The role of the qualified person for pharmacovigilance (QPPV) is already evolving because quality assurance is becoming the chief concern, as opposed to merely meeting minimal safety requirements. The role is now much more devoted to readiness for inspections, making sure systems work, and keeping the pharmacovigilance system master file up-to-date. As some in the industry have already found, the shift in emphasis is beginning to attract a different type of person to the role.

Closely Watching Europe

The European Medicines Agency’s relatively well-evolved good-pharmacovigilance-practice guidelines are being closely watched by other regional markets, which might adopt many of the same principles in time—albeit with their own individual emphases. So, until standards are agreed to globally, companies will have to keep abreast of all of the international variations in requirements and aspirations—ideally, aiming high in their efforts—to satisfy the demands of most markets and to be seen to uphold their professed commitments to patient safety.

Asking one sole person, originally with a Europe-specific remit, to take on other territories is a tall order because of the additional liabilities, yet having multiple QPPVs doesn’t lend itself to a centralized process and system for managing all of those requirements.

The management of affiliates is a further consideration. In the past, in the hiring of a safety person in an emerging market, such a role focused on operational activities such as receiving adverse-event data, doing translations, inputting data, and ensuring events got reported to the authorities in a timely fashion. Now, by contrast, pharmacovigilance and quality experience is considered more important—in terms of having people who can ensure compliance and who know about regulations and how they affect everything a company does.

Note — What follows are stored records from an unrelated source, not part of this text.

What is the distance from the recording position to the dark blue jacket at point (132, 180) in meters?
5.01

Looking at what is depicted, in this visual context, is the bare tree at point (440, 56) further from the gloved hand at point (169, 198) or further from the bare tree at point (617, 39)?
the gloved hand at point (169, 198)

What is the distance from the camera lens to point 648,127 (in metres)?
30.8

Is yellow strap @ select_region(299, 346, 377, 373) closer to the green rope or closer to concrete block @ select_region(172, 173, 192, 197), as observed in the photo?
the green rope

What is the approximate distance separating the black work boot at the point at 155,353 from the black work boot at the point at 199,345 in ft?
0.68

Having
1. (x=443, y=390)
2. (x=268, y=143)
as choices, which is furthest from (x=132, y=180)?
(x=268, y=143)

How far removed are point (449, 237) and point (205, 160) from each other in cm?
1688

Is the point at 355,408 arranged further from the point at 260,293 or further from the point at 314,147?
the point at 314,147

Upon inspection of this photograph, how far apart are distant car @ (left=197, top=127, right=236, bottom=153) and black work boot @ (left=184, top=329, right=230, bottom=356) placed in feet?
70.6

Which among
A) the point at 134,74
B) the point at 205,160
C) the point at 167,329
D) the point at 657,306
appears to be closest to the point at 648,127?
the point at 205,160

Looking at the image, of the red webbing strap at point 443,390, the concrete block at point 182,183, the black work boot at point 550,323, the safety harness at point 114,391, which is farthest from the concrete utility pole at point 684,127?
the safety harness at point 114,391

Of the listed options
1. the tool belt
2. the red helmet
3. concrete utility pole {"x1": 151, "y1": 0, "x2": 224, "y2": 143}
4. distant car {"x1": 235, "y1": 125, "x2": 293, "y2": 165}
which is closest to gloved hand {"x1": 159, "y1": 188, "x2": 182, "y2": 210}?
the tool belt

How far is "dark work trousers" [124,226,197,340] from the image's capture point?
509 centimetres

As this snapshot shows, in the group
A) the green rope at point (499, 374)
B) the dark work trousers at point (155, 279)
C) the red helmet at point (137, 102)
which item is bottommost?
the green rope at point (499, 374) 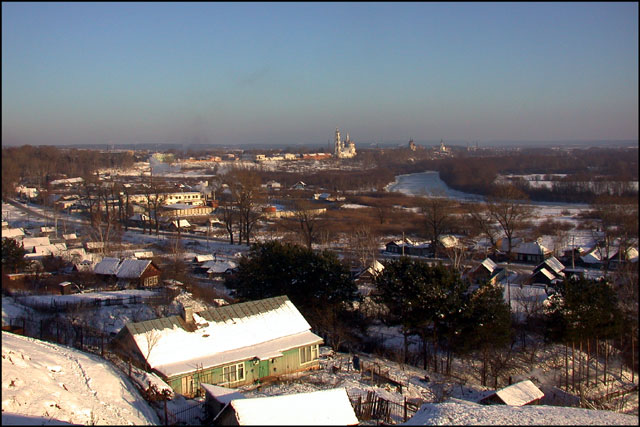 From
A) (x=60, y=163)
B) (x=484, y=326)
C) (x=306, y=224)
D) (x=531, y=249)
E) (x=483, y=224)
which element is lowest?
(x=531, y=249)

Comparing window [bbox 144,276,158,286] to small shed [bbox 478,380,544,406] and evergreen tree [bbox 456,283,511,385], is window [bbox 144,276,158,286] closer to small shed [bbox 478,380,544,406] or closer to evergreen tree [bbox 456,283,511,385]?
evergreen tree [bbox 456,283,511,385]

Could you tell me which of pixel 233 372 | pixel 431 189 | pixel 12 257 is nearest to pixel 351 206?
pixel 431 189

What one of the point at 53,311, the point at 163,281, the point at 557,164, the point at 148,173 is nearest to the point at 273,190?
the point at 148,173

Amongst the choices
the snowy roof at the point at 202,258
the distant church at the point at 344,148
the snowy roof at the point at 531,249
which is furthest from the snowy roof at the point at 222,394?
the distant church at the point at 344,148

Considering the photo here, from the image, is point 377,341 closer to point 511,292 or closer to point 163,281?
point 511,292

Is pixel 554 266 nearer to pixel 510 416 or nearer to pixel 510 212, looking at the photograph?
pixel 510 212

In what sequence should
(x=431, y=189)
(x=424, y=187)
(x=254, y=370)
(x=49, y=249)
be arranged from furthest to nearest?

Clearly, outstanding issues remain to be worked through, but our expectations are that pharmacovigilance as a field will continue to expand in reach and importance and that life sciences organizations should be looking to profit from that expansion as much as they can—by encouraging and promoting pharmacovigilance’s growing influence and making sure the business can capitalize on it in all the right places.

About the Author: Adam Sherlock is Chief Executive Officer of ProductLife Group, which provides pharmacovigilance services, helping life sciences organizations manage information and stay compliant across the product life cycle.